OOS 45-8
Amphibian skin microbial community responses to Batrachochytrium dendrobatidis: A time-series experimental approach

Thursday, August 14, 2014: 4:00 PM
307, Sacramento Convention Center
Valerie McKenzie, Ecology and Evolutionary Biology, University of Colorado, Boulder, CO
Jordan Kueneman, Ecology and Evolutionary Biology, University of Colorado, Boulder, CO
Antonio González, BioFrontiers Institute, University of Colorado, Boulder, CO
Douglas Woodhams, Ecology and Evolutionary Biology, University of Colorado, Boulder, CO
Rob Knight, Chemistry and Biochemistry, University of Colorado, Boulder, CO
Background/Question/Methods

All species of plants and animals harbor microbial symbionts and how those communities of microbes are related to the health of their host organisms is largely undetermined. In particular, there is a limited understanding of how symbiotic microbes may mediate the establishment of pathogenic organisms that can cause disease. Amphibian species vary in their ability to tolerate infection with a fungal skin pathogen (Batrachochytrium dendrobatidis, ‘Bd’), and a number of recent studies have demonstrated that certain amphibian skin bacteria can inhibit growth of the pathogen. We conducted an experiment that addresses how skin community responses to the pathogen vary across known susceptible and tolerant amphibian species (n=53 individuals belonging to five species: Anaxyrus boreas, Rhinella marina, Lithobates catesbeiana, Lithobates pipiens, Osteopilus septentrionalis).

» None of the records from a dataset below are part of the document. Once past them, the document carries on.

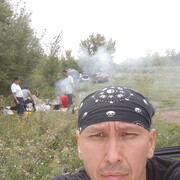 ���������� ������, ���� ������� Yerbol, 44 ����, ������������ ��� ������, ����� � ���������, c�������� ���������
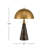 Edith Desk Lamp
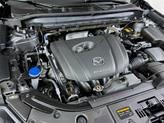 Thumbnail of 2025 Machine Gray Metallic Mazda CX-5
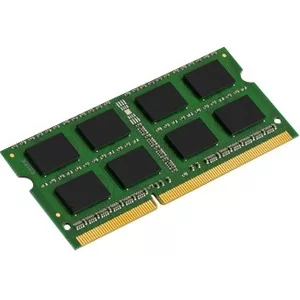 MEMORIA KINGSTON DDR3 8GB 1600MHZ (KCP316SD8/8)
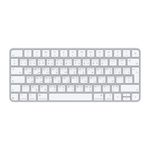Magic Keyboard - Arabic Product Image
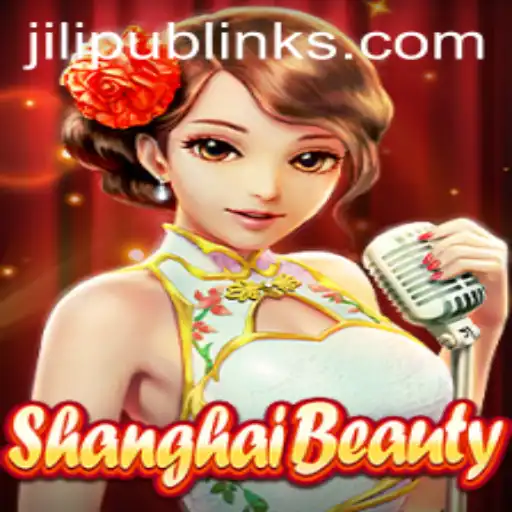 Exploring the Intriguing World of ShanghaiBeauty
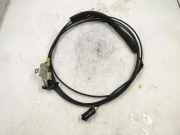 Fuel Tank Opening Cable HONDA CR-V III (RE_) 2.2 i-DTEC 4WD (RE6)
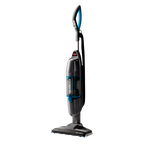 VAC & STEAM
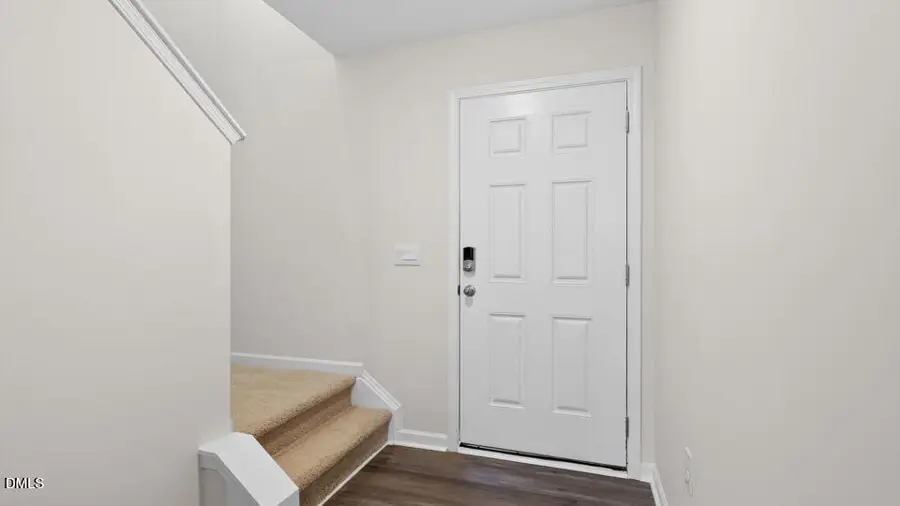 17 Red Clover Drive, Angier, NC 27501 - Image #2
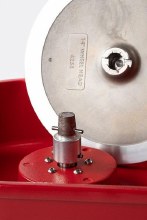 Additional picture of Classic Wheel - 1/3 HP w/ SSX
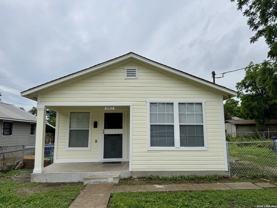 226 E Malone Ave - Photo 1 of 1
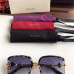 gucci-glasses-42 gucci-glasses-42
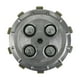 thumbnail image 4 of Embrague Completo Set Yamaha Fz 16 (11-23) (Wstd), 4 of 4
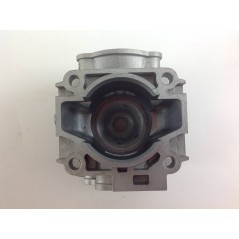 Piston cylinder kit compatible with OLEOMAC brushcutter 746T 446PB | NewgardenParts.com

We used barcoded pyrosequencing reads (Illumina) of ribosomal 16S genes to examine the communities of bacteria at multiple time points before and after exposure to Bd. We used QIIME and UniFrac to analyze community differences among species and treatments over time. 

Results/Conclusions

Following QIIME quality filtering, 840 samples yielded sufficient sequences, representing 15 time points across 53 individual amphibians plus controls. Each sample was rarefied to 5,051 sequences per sample and more than a thousand OTUs were classified at the 97% sequence similarity limit. We observed very distinct communities among the five species of amphibians, and the skin communities of the susceptible species (boreal toads) were the most different compared to the two tolerant species (cane toads and bullfrogs). These differences remain constant even after Bd exposure but the volatility of the communities on the susceptible hosts is greater compared to the tolerant hosts, suggesting that the skin communities of tolerant species may be more resilient during infection. We propose that shifts in the abundance of pathogen-inhibiting bacteria following pathogen exposure can play a major role in the disease state of an individual.